Figure 2. UNDP's five stages of digital development
Further enhancement of countries' digital readiness can be achieved by providing individual support to each component of the transformation framework.
Figure 3. Transformation framework
Digital development score methodology
The software and data that are used to put together the Compass are open-source and in the process of becoming Digital Public Goods. The script and datasets can all be found on UNDP’s GitHub , developed in partnership with GitHub’s volunteer programme.
1. Indicator selection
UNDP conducted a review of the 200+ indicators that formed the first version of the Digital Development Compass. This indicator evaluation was carried out in two phases:
- Phase 1: Existing indicators were reviewed according to newly established indicator criteria. A number of composite indexes that were included earlier in the Compass were also exploded to remove instances of double-counting and improve relevancy. The term “exploded” is used, in the sense of ‘to break up into pieces’, to refer to the process of surfacing all of the individual indicators contained within a composite index.
- Phase 2: New indicators were added after the research and review process.
Currently, there are a 145 indicators included in the Compass. Indicators were identified by conducting online desk research into the public data available related to the sub-pillars and pillars of the Digital Development Framework mentioned above.
During this review process, an Expert Committee was appointed, comprising a globally representative group of experts with specialized experience in digital development. The Committee’s vision is to support the Digital Development Compass as it develops year on year. At its core, the Committee will remain flexible, evolving organically and in parallel with the Compass.
Based on a series of advisory consultations with the Expert Committee, questions for data evaluation have been created to assess data quality of all existing and newly selected indicators. In case the examined indicator does not meet the evaluation criteria, the indicator will be excluded from the Digital Development Compass.

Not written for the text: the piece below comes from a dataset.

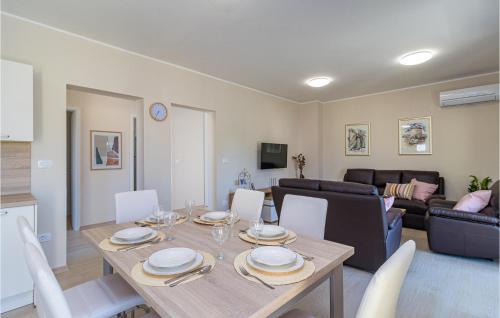 Awesome Apartment In Medulin With Wifi And 3 Bedrooms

Dimension | Question | Type |
---|---|---|
Coverage | Is the data available for more than 70% (135) of 193 countries? | PASS/FAIL |
Relevance | Is the indicator relevant to the Compass? | PASS/FAIL |
Is the assigned sub-pillar the most relevant one? | Qualitative judgement | |
Does the indicator duplicate something already included in the index? | Qualitative judgement | |
If it is a proxy, is it a good proxy? | Qualitative judgement | |
Accessibility | Is the dataset publicly accessible? | PASS/FAIL |
Transparency and replicability | Is there a written, publicly available methodology? | PASS/FAIL |
Recency | Is the dataset older than five years? | Yes/No |
Frequency | How frequently is the dataset updated? | Number |
Reliability | What is the source? | Name + description |
Is the source reputable? | Qualitative judgement with numerical score 1-3 | |
Relevance | Does the dataset appropriately capture the intent of the indicator? | Yes/No, with qualitative judgement |
Reliability | What type of data does it contain? | Primary, secondary, aggregated data |
Is the methodology robust? - Are variables clear and/or explained? - Does the methodology express its own limitations? - Are there any other concerning factors? | Score 0-9, with sub question scores 0-3 | |
Ethically sourced (if applicable) | Does the methodology adhere with privacy standards? | PASS/FAIL |
Appropriateness | Can the data collection process be automated? | Potentially PASS/FAIL. For UNDP to decide |
Coverage | Does the dataset cover aspects that might be relevant to other indicators/pillars? |
Table 2. Data evaluation questions
As a result of this assessment, Digital Development Compass includes 145 publicly available datasets and is available on GitHub. Sources of the data sets include among others:
- World Bank: World Development Indicators
- GSMA: Mobile Connectivity Index
- University of Oxford: Our World in Data
- World Economic Forum: Global Competitiveness Index
- Sustainable Development Report
- ITU: Global Cybersecurity Index
- Oxford Insights: AI Readiness Index
2. Data collection
The methodology used for data collection depends on the format the data are published in. Largely, data are retrieved from the data source automatically. Links to data sources are collected in a spreadsheet. Then, automation is used to scrape spreadsheets, PDFs and documents and convert them into a machine-readable format.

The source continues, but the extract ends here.